While plenty of Canadian tech has made its way to space, perhaps the most famous is the Canadarm line, now managed by the company MDA. After the original iteration funded Canadian missions during the space shuttle program, Canadarm2 (along with handy robot Dextre) went on to pay for slots for the nation's astronaut on the International Space Station. Artemis 2's seat for Hansen, incidentally, was brokered with Canadarm3, which will service NASA's planned Gateway moon-orbiting space station.
Canadians and their technology have been integral to NASA for decades. Perhaps the most famous example was a group of engineers from a canceled Canadian jet program known as the Avro Arrow, who migrated to a very young NASA in 1959.
Those few dozen people assisted in numerous early spaceflight programs at NASA, including the Apollo moon landings.
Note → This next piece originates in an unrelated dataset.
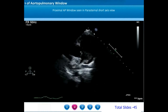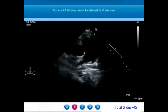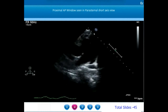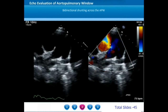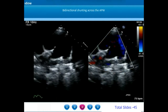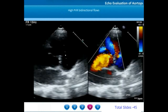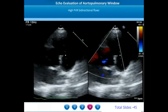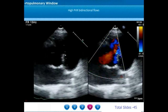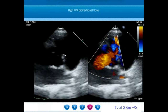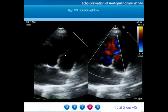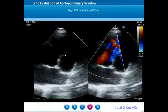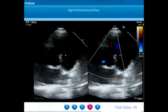However, when we go to a parasternal short axis view, there is a very large proximal AP window not extending up to the PA bifurcation. The aortopulmonary window has almost the same width as the ascending aorta. On color flow interrogation, we notice a bidirectional shunt across the AP window — the pressures in the ascending aorta and pulmonary artery are similar. We hardly see a substantial left-to-right flow, and the aortic valve is seen in close proximity to this aortopulmonary window. This is a proximal aortopulmonary window with markedly elevated pulmonary vascular resistance — or in other words, a proximal AP window with Eisenmenger syndrome.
Meanwhile, Canadian company Devtek (today's Héroux-Devtek) manufactured the "legs" that were used aboard all of NASA's human lunar landers — just one more example of Canadian tech on U.S. missions across decades of collaboration.
Nelson said that long-standing relationship is part of why Canada received a coveted seat aboard Artemis 2. "It's significant that, for the first time back to the moon in over a half century, that Canada is our international partner," he said at the event.
The Canadian Space Agency (CSA) has several programs directly connecting tough space living to helping those populations living in the often dark and cold far north, such as its Deep Space Health Care Challenge and (with NASA) a Deep Space Food Challenge.
"If we can't grow food in the Canadian Arctic, how do we expect to be able to grow it on the moon or on Mars? It's the same with remote health care," Artemis 2 astronaut Hansen, representing the CSA, said at the same event.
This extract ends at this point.